Data extract:
++++++++

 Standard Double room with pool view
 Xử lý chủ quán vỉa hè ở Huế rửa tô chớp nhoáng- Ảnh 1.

++++++++

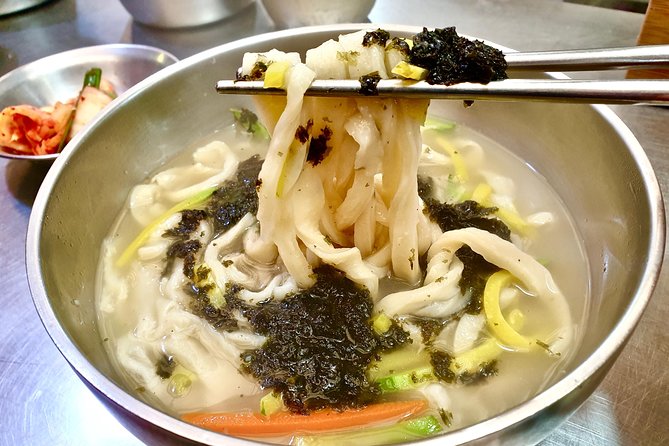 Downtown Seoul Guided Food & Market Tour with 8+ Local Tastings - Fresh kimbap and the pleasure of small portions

++++++++

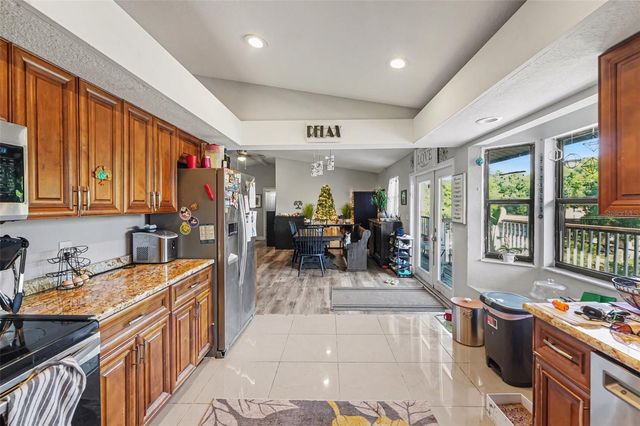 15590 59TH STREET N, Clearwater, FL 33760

++++++++

Problem: After locating the line with "Standard Double room with pool view" in the material above, return it and each line after it exactly, ending at the line with "Xử lý chủ quán".

Solution to this problem:
 Standard Double room with pool view
 Xử lý chủ quán vỉa hè ở Huế rửa tô chớp nhoáng- Ảnh 1.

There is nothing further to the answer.